No query-time adaptation. The doc encoder must anticipate every useful expansion upfront. On truly novel terms (new drug names, recent product launches, breaking-news proper nouns), SPLADE-IF degrades toward BM25 behavior. Full SPLADE handles this better via query-time expansion.

Domain sensitivity. IF works best when vocabulary bridging is the core challenge and domain vocabulary is predictable (scientific, medical, legal). On e-commerce, where product titles already closely match query terms, document-side expansion helps less and the quality gap over BM25 narrows significantly.
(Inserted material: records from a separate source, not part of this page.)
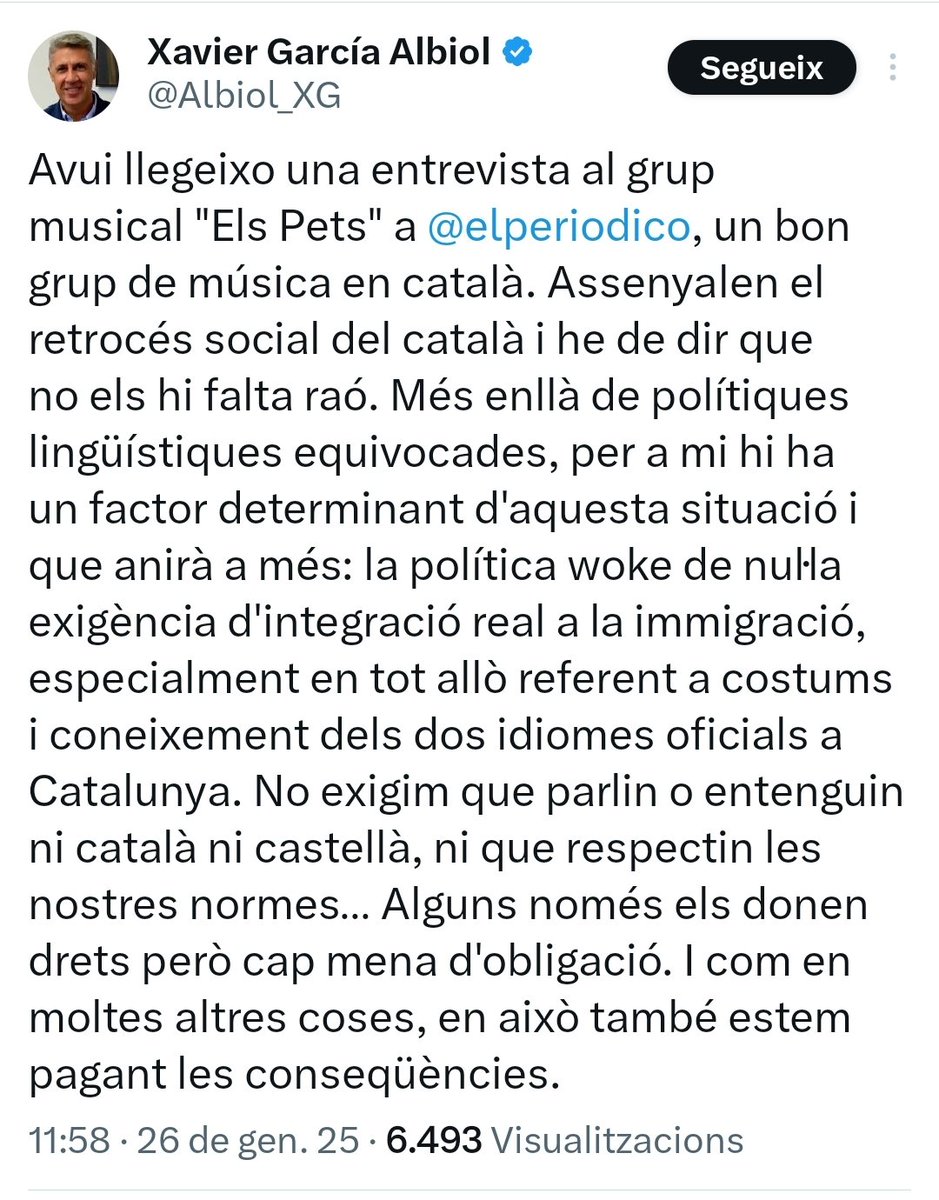 dracdolot's tweet photo. Per emmarcar. https://t.co/MsgGaK8tuK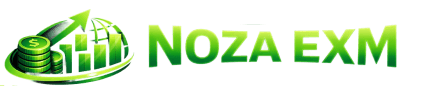 NOZAEXM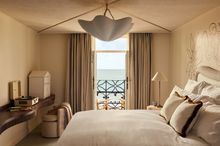 No. 42 Margate by GuestHouse Hotels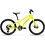 Stevens Stevens Beat SL Disc 20 Gen.2 Kids Bike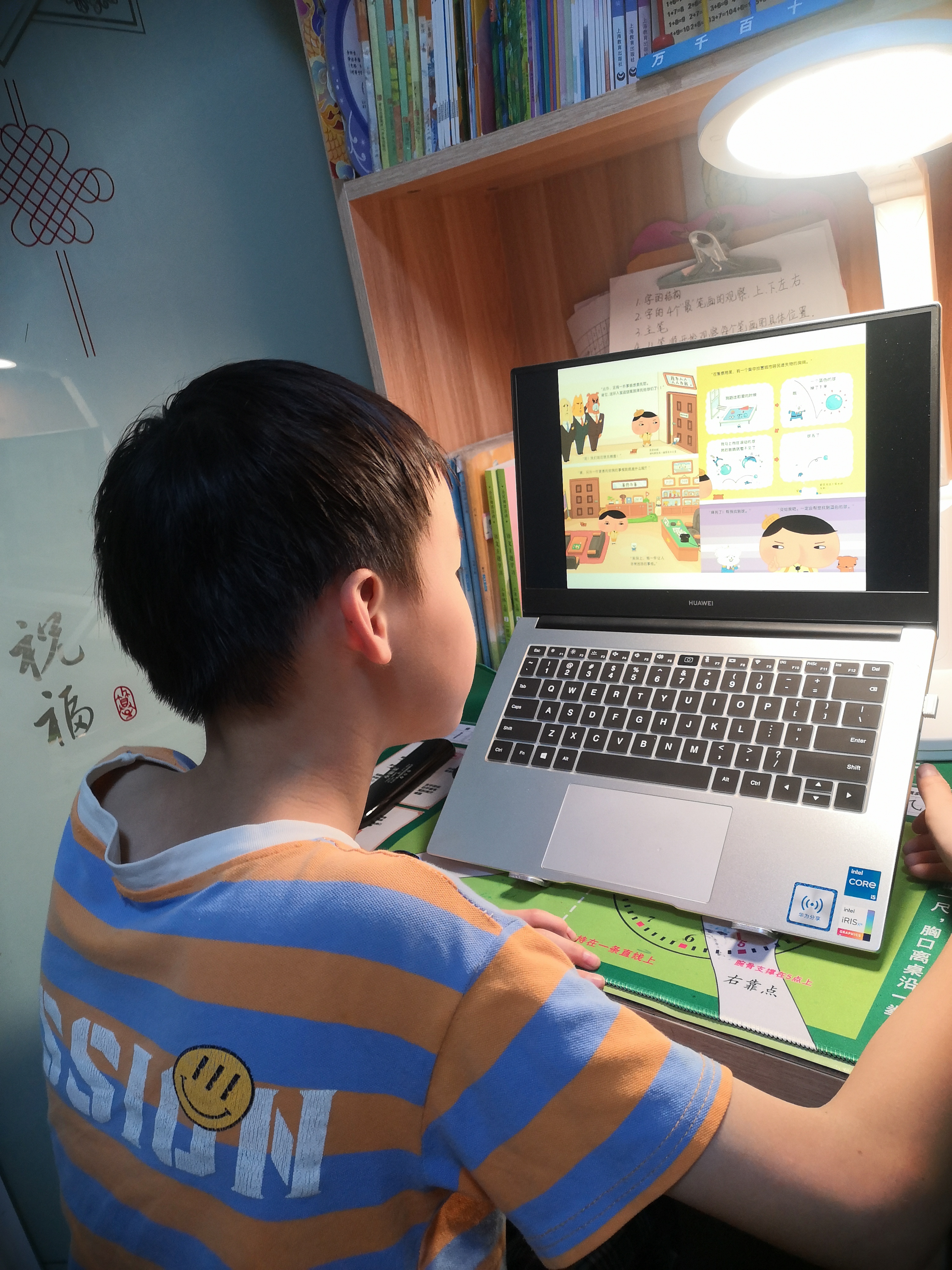 图像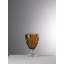 Winston Goblet-57243902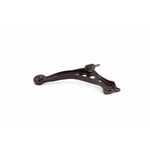 Order Lower Control Arm by TRANSIT WAREHOUSE - TOR-CK620052 For Your Vehicle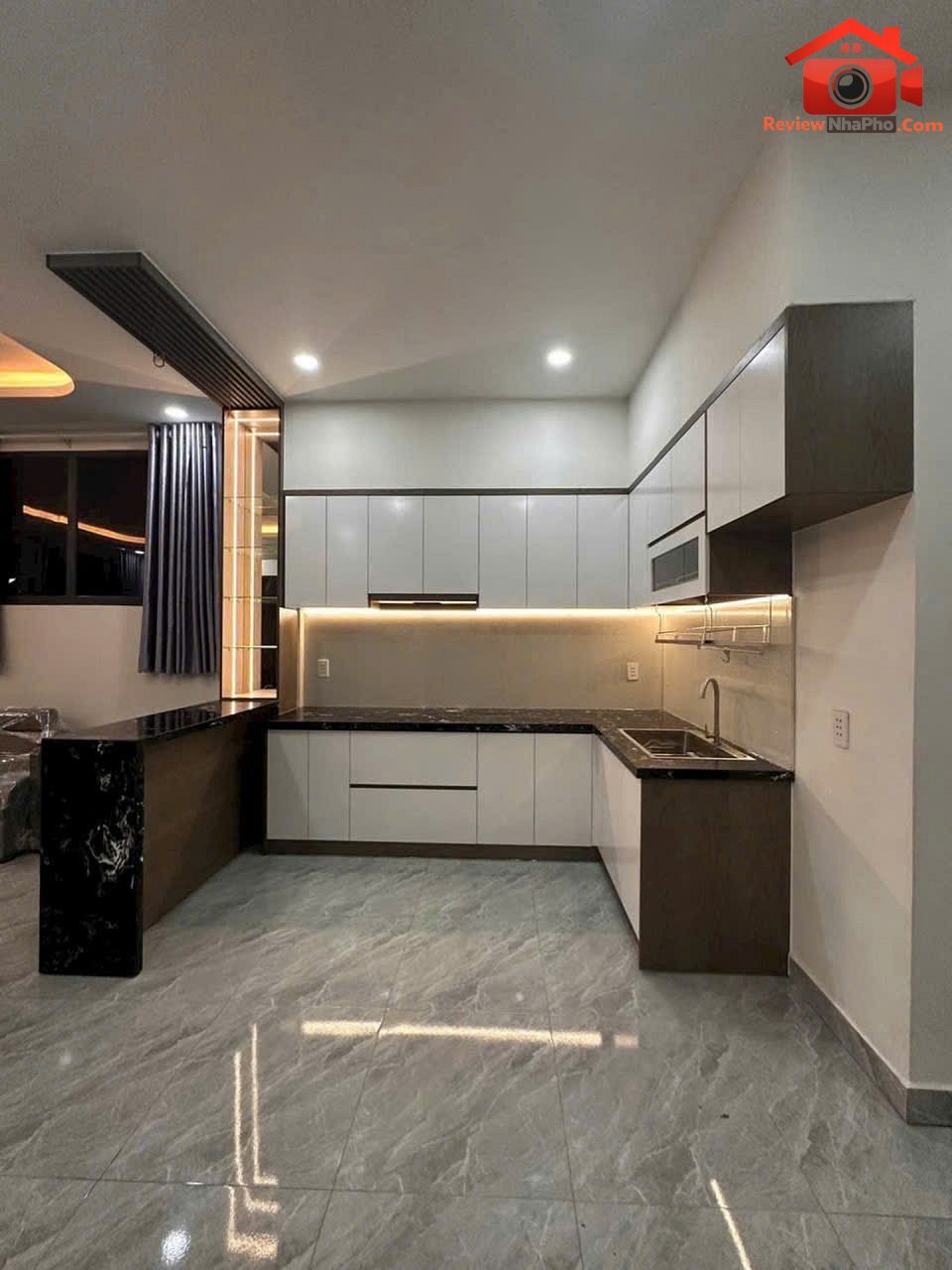 Nhà cấp 4 mới xây 2 mặt tiền ql1k, linh xuân 89m 3.9 tỷ – Bán nhà đất Đường 1 – Phường cũ Linh Xuân Quận Thủ Đức – Phường mới Linh Xuân – Thành phố Hồ Chí Minh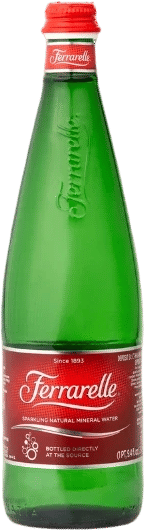 Ferrarelle Sparkling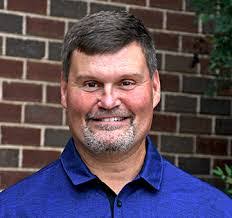 David Repasky's Instagram, Twitter & Facebook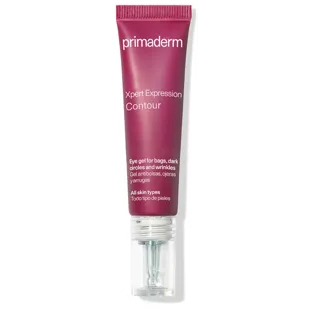 Primaderm Xpert Collageneur Augenkontur 15 ml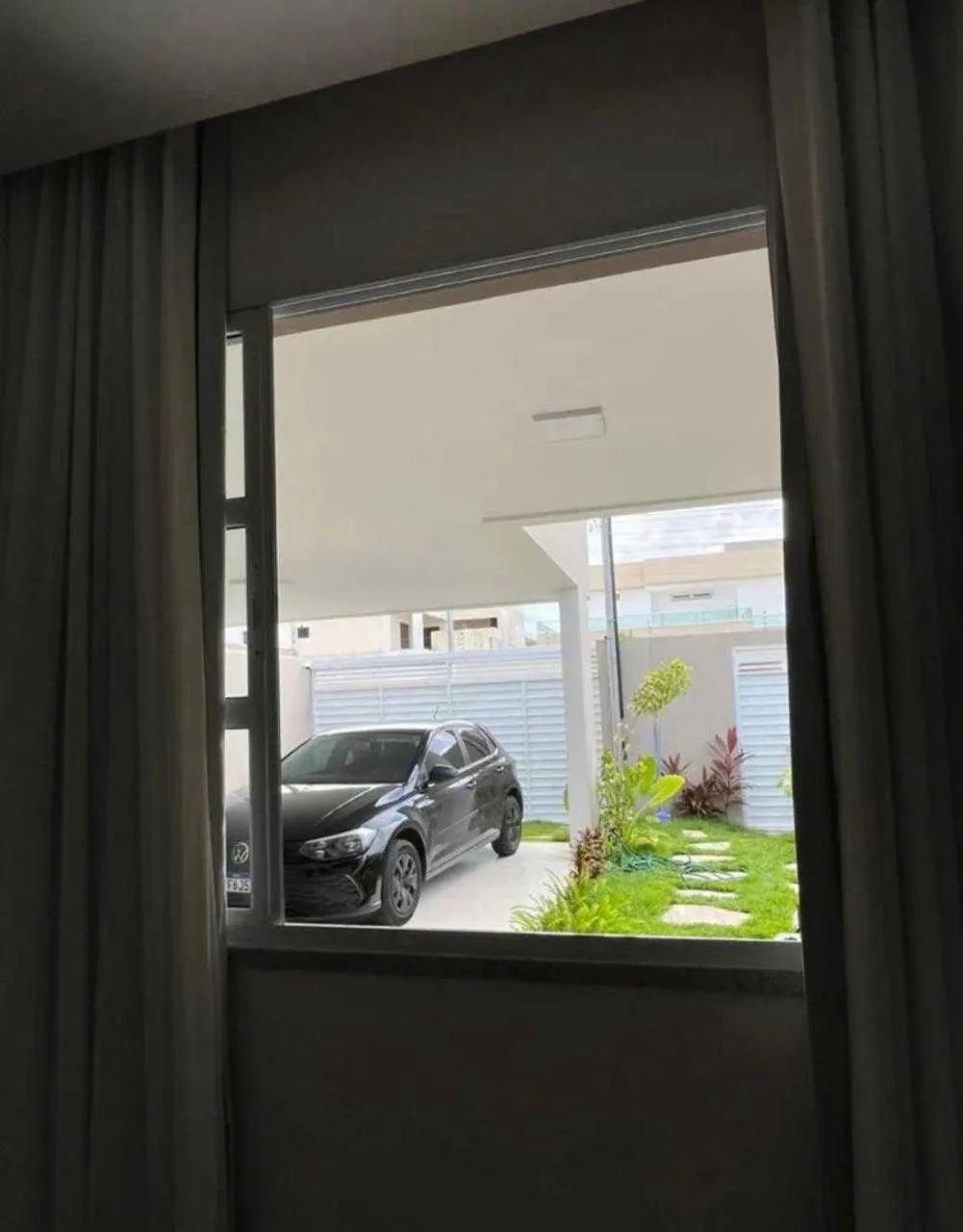 CASA EM RUA PÚBLICA - ARUANA [57699] - Foto 4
Denser index, GPU required at index time. The asymmetric IF model produces ~14% more non-zeros per document than the full naver model (325 vs 286, see sparsity table above). Encoding also requires a GPU. Both are one-time costs for static corpora.

Key Takeaways

  • SPLADE-IF nearly matches full SPLADE quality. Within the same model family, dropping query-side inference costs only 0.0093 NDCG@10 (under 1.3% relative) while cutting query latency 13× (57ms → 4.3ms). Both beat BM25 by +3.5% NDCG@10 at essentially the same latency.
  • Use an asymmetric model. A symmetric model in IF mode still beats BM25, but costs ~2% NDCG@10 vs a model trained for it (naver/splade-v3-doc). If you're starting fresh, pick the asymmetric one.
  • The only real tradeoff is index time. Queries are free once indexed. The GPU cost at index time (83 docs/sec on A10G) is acceptable for static corpora. High-churn indexes need an async re-encoding pipeline.